I note that Python 2.6 is the lowest version of Python that's supported, some
recent data might suggest that Python 2.6 support isn't so useful in the wider
ecosystem and so might be slowing Spark development. A Python 2 vs 3 survey
was conducted before Christmas, the results are recently in:
http://www.randalolson.com/2015/01/30/python-usage-survey-2014/
Of 6,746 respondents less than 10% use Python 2.6 day-to-day. 81% use Python
2.7 (and 43% Python 3.4 - including me) for day-to-day use (presumably for
work), there's an approximate 50/50 split between Python 2 3 for personal
projects. I'd humbly suggest that supporting Python 2.6 will slow development
and avoiding Python 3.4 will hinder winder adoption.
The same survey a year back had 4,790 respondents, the second diagram on
randalolson's site compares 2013 to 2014 - fewer people now are writing Python
2 day-to-day and more people are writing Python 3 (though Python 2.7 is still
significantly dominant). Given that Python 2.7 will be deprecated by 2020 the
trend to Python 3.4 is clear. Core scientific libraries (e.g. scipy, numpy,
pandas, matplotlib) all work in Python 3.4 and have done for several years.
The survey doesn't ask respondents whether they are web-devs, data scientists,
ETL-folk, dev-ops etc so it is hard to extrapolate whether Spark-users are
predominantly Python 2.6/2.7/3.4 but I'd suggest that a local survey in this
community might provide useful guidance.
Although it is on a longer cycle the major Linux distros like Ubuntu are
switching away from Python 2.7 to Python 3+:
https://www.archlinux.org/news/python-is-now-python-3/ # switched 2010
http://www.phoronix.com/scan.php?page=news_itempx=Fedora-22-Python-3-Status #
Fedora to Python 3 around May 2015
https://wiki.ubuntu.com/Python/3 # work on-going, maybe the switch occurs in
2015?
What is the use case for Python 2.6 support? Personally I'd vote for supporting
2.7 as a minimum with a strong push for Python 3.4 compatibility to reduce
wasted hours supporting older Python versions.

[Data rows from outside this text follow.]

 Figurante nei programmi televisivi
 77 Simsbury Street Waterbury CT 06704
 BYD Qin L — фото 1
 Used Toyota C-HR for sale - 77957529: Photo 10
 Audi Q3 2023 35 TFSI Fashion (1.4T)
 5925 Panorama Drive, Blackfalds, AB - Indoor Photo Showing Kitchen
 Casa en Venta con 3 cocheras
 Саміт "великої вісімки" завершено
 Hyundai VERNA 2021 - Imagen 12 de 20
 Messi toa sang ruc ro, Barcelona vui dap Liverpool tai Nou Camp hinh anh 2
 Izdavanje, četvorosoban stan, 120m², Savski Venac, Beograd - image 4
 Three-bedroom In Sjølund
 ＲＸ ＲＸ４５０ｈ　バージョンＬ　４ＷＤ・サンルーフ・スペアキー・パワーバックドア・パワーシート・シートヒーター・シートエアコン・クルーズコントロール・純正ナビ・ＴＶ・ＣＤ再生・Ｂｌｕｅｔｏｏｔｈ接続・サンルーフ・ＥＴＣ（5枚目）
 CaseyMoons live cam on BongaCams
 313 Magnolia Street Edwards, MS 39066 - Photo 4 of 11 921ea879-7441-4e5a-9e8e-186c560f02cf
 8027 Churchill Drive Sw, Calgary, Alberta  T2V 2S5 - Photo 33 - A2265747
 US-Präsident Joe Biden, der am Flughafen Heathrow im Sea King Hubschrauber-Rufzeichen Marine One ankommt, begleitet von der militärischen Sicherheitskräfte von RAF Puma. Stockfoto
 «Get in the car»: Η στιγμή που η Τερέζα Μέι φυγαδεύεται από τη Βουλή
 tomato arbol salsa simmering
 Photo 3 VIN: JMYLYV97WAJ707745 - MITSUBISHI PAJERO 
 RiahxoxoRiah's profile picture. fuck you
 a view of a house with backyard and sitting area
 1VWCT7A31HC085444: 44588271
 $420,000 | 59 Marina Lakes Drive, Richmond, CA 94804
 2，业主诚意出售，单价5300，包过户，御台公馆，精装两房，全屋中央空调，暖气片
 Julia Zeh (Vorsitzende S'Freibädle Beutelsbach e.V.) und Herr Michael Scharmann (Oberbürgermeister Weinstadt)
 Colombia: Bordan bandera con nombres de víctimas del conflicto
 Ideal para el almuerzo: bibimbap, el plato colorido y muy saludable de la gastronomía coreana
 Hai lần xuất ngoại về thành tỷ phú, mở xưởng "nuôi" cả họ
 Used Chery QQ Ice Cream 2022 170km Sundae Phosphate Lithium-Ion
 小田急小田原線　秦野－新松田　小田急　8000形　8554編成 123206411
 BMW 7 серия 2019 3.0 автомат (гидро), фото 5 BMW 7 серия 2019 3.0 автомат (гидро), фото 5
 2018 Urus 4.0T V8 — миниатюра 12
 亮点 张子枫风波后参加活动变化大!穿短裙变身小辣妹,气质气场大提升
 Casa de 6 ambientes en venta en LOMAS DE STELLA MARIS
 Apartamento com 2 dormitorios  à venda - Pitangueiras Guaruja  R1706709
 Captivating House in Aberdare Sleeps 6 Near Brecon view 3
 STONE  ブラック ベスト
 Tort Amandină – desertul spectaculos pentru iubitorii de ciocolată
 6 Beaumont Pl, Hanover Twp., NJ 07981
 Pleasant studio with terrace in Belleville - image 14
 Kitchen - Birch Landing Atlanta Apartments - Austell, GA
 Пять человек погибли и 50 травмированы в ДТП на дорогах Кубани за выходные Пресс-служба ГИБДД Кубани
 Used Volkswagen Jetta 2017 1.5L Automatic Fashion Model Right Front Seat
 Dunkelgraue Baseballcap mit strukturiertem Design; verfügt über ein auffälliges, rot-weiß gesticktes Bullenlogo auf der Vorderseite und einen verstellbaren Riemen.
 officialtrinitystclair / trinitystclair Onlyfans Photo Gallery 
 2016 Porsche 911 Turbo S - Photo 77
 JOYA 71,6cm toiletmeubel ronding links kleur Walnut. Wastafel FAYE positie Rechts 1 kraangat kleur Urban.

Supporting older Pythons will
also hinder the creation of a Python 2.7/3.4 compatible code-base due to
cross-language complications.
About me - long-time speaker/teacher at Python conferences, O'Reilly author
(High Performance Python), co-org of the 1000+ member PyDataLondon meetup and
conference series, Python3.4 proponent since April 2014. At my PyData meetup I
regularly query my usergroup (approx. 100 attendees each month), 1% use Python
2.6, the majority use Python 2.7, each month more people switch up to Python
3.4 (mainly to get away from unicode errors during text processing).
Python 3 support
Key: SPARK-4897
URL: https://issues.apache.org/jira/browse/SPARK-4897
Project: Spark
Issue Type: Improvement
Components: PySpark
Reporter: Josh Rosen
Priority: Minor
It would be nice to have Python 3 support in PySpark, provided that we can do
it in a way that maintains backwards-compatibility with Python 2.6.
I started looking into porting this; my WIP work can be found at
https://github.com/JoshRosen/spark/compare/python3
I was able to use the
[futurize|http://python-future.org/futurize.html#forwards-conversion-stage1]
tool to handle the basic conversion of things like {{print}} statements, etc.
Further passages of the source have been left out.